Mike Haberman | , , ,| By
Gerd Leonhard is a very interesting futurist. I had the good fortune to come across an article of his called 2017: Goodbye To the Age of Replication, Welcome Back to Originality: Productivity… Is for Robots. Leonhard says that the future of human work is doing stuff that robots cannot do, which to Leonhard, means creating things.
Creativity As a Saving Grace
“The richly ironic fact is that the truly human skills (such as artisan and craft abilities) that preceded the industrial revolution will now be the only ones that will guarantee fruitful employment in future,” says Leonhard. Simple productivity, even difficult production, will become the realm of robot work. He says humans will need to create things. Some of these creations may become works of productivity that can then be recreated by robots, but robots cannot create them first. These may be works of art, works of engineering, or works of science.
Human beings will be reserved for untrodden paths where process and routine has never ventured. The model here is the entrepreneur and the artist – not the ‘professional’, the ‘expert’ or the ‘qualified’. Entrepreneurial crafts will replace today’s same old, same old jobs and roles, and we’ll see a tidal wave of professional extinction joining yesteryear’s telephonists, weavers, coopers and axe-head carvers.
Not Just Creativity
It is not just that ability to create things that will save human jobs. It is the ability to be human that will be important. It does not take a human to read law books looking for citations; it does not take a human to enter numbers into a spreadsheet any more than it takes a human to put a tire on a car. However, it does take a human to understand the emotion that accompanies loss or gain; joy or pain; success or failure. Emotion and empathy are human traits not yet possible to replicate by robots.
Darlene Damm wrote a piece called Future of Work: What Skills Will Help Us Keep Pace? in which she says that while technical skills are important, it is the “human” skills that are going to be most important in the future.
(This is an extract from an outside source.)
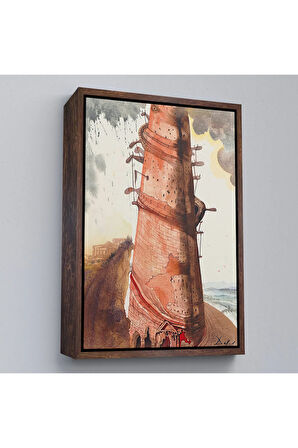 Ahşap Çerçeveli Salvador Dali - Kule Tablo-7394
She says these skills “are the changemaking skills of empathy, innovation, new teamwork and new leadership.” But while all of these skills are important, empathy is the most important. “In our increasingly interconnected world, one’s actions have a bigger impact on others and can create tremendous positive or negative outcomes in record time.”
Automation Will Create Work Yet Unimagined
Futurist Kevin Kelly, the author of The Inevitable, says that “Each successful bit of automation generates new occupations—occupations we would not have fantasized about without the prompting of automation.” Eventually most of these jobs will be taken over by automation, but then new jobs will be spawned by new automation.
This makes the future of work for humans somewhat rosier that what many authors and other prognosticators may lead us to believe. But what is important is that we teach our children the skill of being creative. It does them no good to get a STEM education if they are then stuck in a job that is routine, to then be replaced by a robot or some other form of automation.